A display of some of the works of Chittaprosad is on at the Kochi-Muziris Biennale. They are a stark reminder of the trauma the rural poor underwent in one of the world’s biggest manmade tragedies that claimed almost 30 lakh lives during 1942-43.
As someone who avoided oil-on-canvas, Chittaprosad’s watercolour and linocut prints at the Durbar Hall Gallery in downtown Ernakulam are significant.
The body of work at the ongoing fourth edition of the 108-day biennale further comprises the artist’s experiments with political cartoons that critique the post-Independence nation-state and its policies. It was precisely this ‘audacity’ that prompted the imperial British to seize certain pivotal Chittaprosad works and even destroy them. For, the profuse sketches in black-and-white, along with reports, were published in local newspapers, culminating in a report titled ‘Hungry Bengal’.

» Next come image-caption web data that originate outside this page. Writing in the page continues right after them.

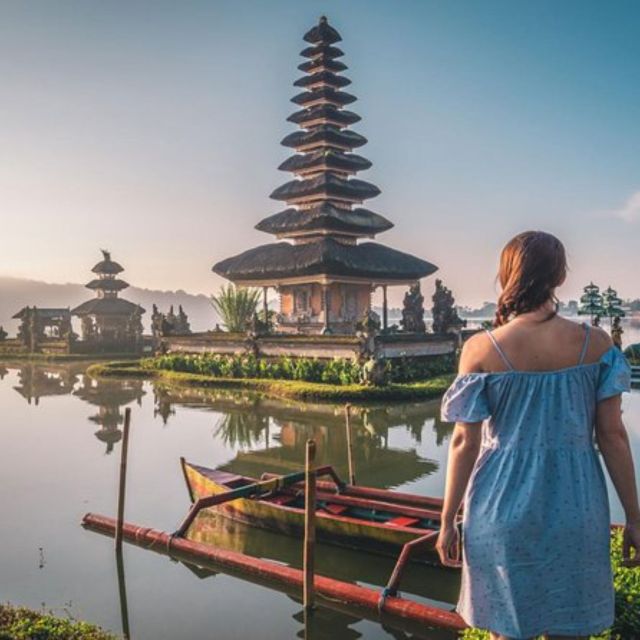 Bali : Full Day Ulundanu - Tanah Lot Tour - Itinerary Details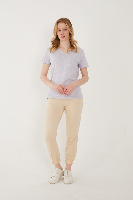 Resim Viole&More Kadın T-shirt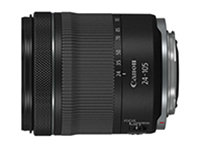 Lens Canon RF 24-105 mm f/4-7.1 IS STM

Also a poet and storyteller, Chittaprosad (1915-78) was an active member of the Communist Party of India. That way, he drew added inspiration from village sculptors, artisans and puppeteers far and near his native Naihati in the neighbourhood of Kolkata.
A human face to a ribcage. That’s how Chittaprosad tends to epitomize the Bengal famine, going by one of his works at the biennale. His deep faith in the Communist ideology is evident from his works that lead up to India’s independence in 1947.

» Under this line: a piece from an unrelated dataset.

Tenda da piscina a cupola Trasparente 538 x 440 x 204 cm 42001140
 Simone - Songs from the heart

This is particularly clear from the images the artist did, inspired by the Royal Indian Navy Revolt of early 1946 when sailors of the country on board ship and Bombay harbour’s shore establishments struck work in a stir that soon found support from fellow labourers from Karachi to Calcutta.The agitation, which had full support from the CPI (amid condemnation from the Indian National Congress and the Muslim League), killed eight workers and wounded 33 others before the British repressed it.
Chittaprosad’s post-Independence drawings were largely against neocolonialism, where he sensed capitalism indirectly retaining hold over developing countries. His works went on to laud anti-American collectives and movements within India even as his works criticised the way governments in the country were siding with Western powers.

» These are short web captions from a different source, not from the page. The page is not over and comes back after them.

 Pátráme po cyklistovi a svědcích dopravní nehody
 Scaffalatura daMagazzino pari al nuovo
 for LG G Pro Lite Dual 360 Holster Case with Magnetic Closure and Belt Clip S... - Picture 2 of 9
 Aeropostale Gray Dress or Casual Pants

Not just them, the biennale segment shows Chittaprosad’s writings published in the CPI(Maoist)’s People’s War magazine. The archival material on display also includes photos of Chittaprosad with his friends and family. The artist had, in 1949, quit the CPI, citing differences with the party’s policies. He had thence worked for universal humanism, global peace and eradication of poverty from the planet.
All these lent fresh dimensions to Chittaprosad’s stature as one of India’s foremost modern artists. His works have found venues in National Gallery at Prague and the National Gallery of Modern Art in New Delhi.